Anna Schmitz an ihren Sohn Rudolf, 19. November 1942
Köln-Dellbrück, 19.11.42
Mein guter Junge!
Heute muß ich so viel an Dich denken, da will ich ein wenig mit Dir erzählen! Ich hoffe doch, daß Du weiterhin wohlauf bist + frohen Mut hast. Hier ist rechtes Novemberwetter, seit ein paar Tagen dunkel + feucht, immer regnet es fein. Das rechte Grippewetter. – Nun habe ich schon etwas gebacken für Dich. Es gibt nicht viel, aber was ich schicke, ist nach meinen alten Recepten gebacken. Lieber wenig + gut, als viel + es ist nichts. Heute standen Recepte für’s Feldpostpäckchen in der Zeitung, an die armen Soldaten, die das bekommen, alles ohne Fett + Ei. Ich habe das ganze Jahr über gespart an Sonderzuteilungen, sodaß ich jetzt aber auch etwas habe. Die Sonderzuteilung für Weihnachten bekommen wir erst im Dezember.

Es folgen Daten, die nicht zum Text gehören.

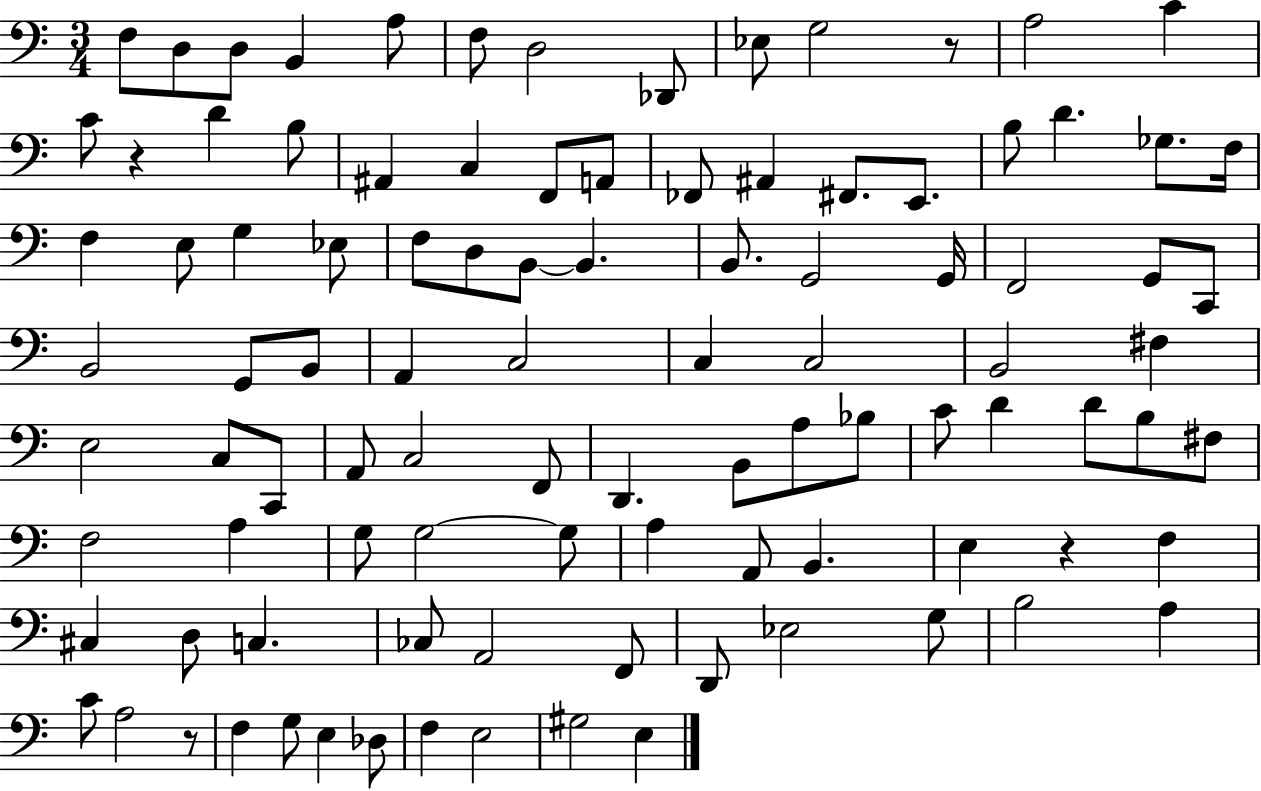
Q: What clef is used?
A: bass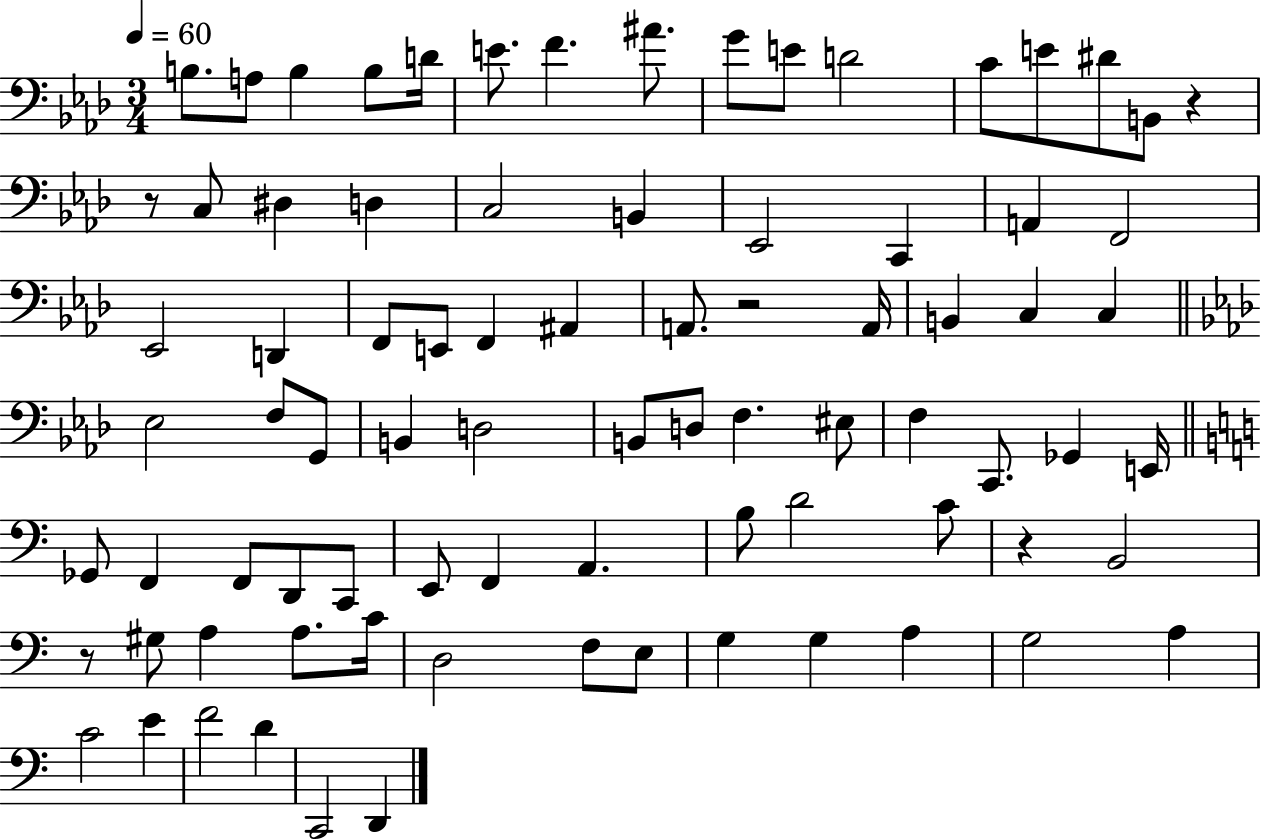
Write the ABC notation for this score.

X:1
T:Untitled
M:3/4
L:1/4
K:Ab
B,/2 A,/2 B, B,/2 D/4 E/2 F ^A/2 G/2 E/2 D2 C/2 E/2 ^D/2 B,,/2 z z/2 C,/2 ^D, D, C,2 B,, _E,,2 C,, A,, F,,2 _E,,2 D,, F,,/2 E,,/2 F,, ^A,, A,,/2 z2 A,,/4 B,, C, C, _E,2 F,/2 G,,/2 B,, D,2 B,,/2 D,/2 F, ^E,/2 F, C,,/2 _G,, E,,/4 _G,,/2 F,, F,,/2 D,,/2 C,,/2 E,,/2 F,, A,, B,/2 D2 C/2 z B,,2 z/2 ^G,/2 A, A,/2 C/4 D,2 F,/2 E,/2 G, G, A, G,2 A, C2 E F2 D C,,2 D,,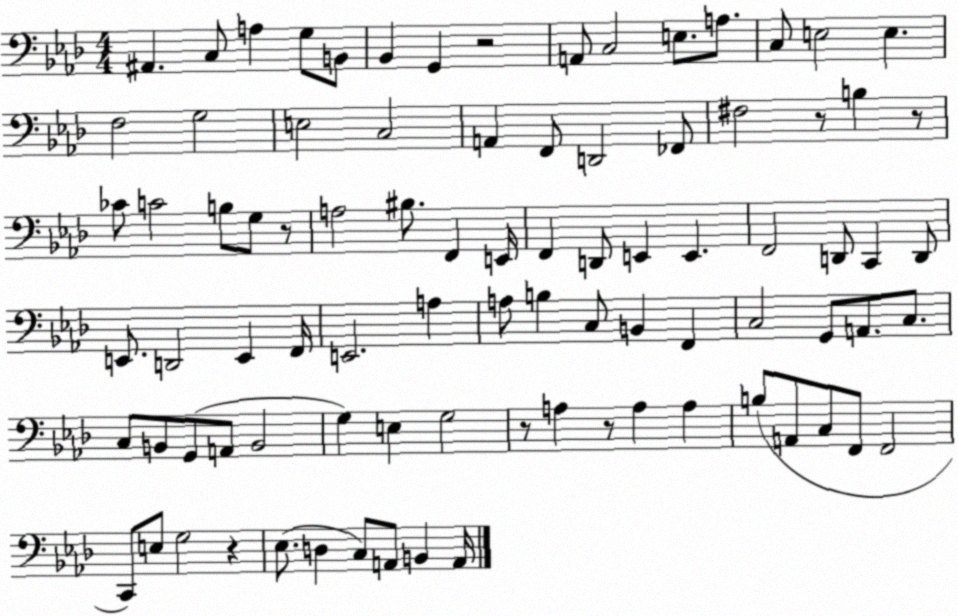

Das ist ja zu spät zum Verschicken. Ich hoffe, Dir im Januar dann nochmal etwas zu backen. Hoffentlich kommst Du inzwischen nicht fort, so daß es erst wieder ein paar Monate unterwegs ist. Ob Du wohl Weihnachten ein paar Tage Urlaub bekommst? Wenn ich das ja wüßte, schickte ich nichts. Sonst habe ich noch nichts zu Weihnachten, man bekommt aber auch wirklich nichts. Und so unhöflich sind die Geschäftsleute. So werde ich Dir leider auch nichts schenken können. Auch fürs Haus bekommt man nichts. Ich hätte gern noch dies + jenes gehabt, alles nichts. Na, wenn wir nur gesund + beisammen bleiben, dann sind wir zufrieden, gelt. Heute hörte ich, daß man noch hofft, daß der Aug. Acher noch lebt. Er ist als Aufklärer an der Murmanküste gewesen, und hinter unsern Linien abgestürzt. Die Mutter würde noch
hoffen. Ich denke mir das furchtbar. – Nun rückt der Advent heran, die schöne, besinnliche Zeit. Ich hab‘ schon gesungen: „O heiland reiß die Himmel auf!“ Wie Du schreibst, hast Du Deine Skisachen abgeschickt! Ja, in diesem Winter wird es nichts werden mit dem Laufen. Hast Du den Klimawechsel nicht gespürt? Ich bin so froh, daß Du etwas Obst bekommst. Hat Siv noch nicht geschrieben? Ich kann sicher zu Weihnachten keinen Gruß an Lind’s schicken? – Oma ist wieder wohlauf, gestern war sie mit Elli + Finchen in Köln. Heinrich schreibt auch gut. Gott sei Dank! In der Familie gibt es nichts Neues. Auch sonst wüßte ich nichts. Darum schließe ich mit einem lieben Gruß + Kuß
Deine tr. Mutter.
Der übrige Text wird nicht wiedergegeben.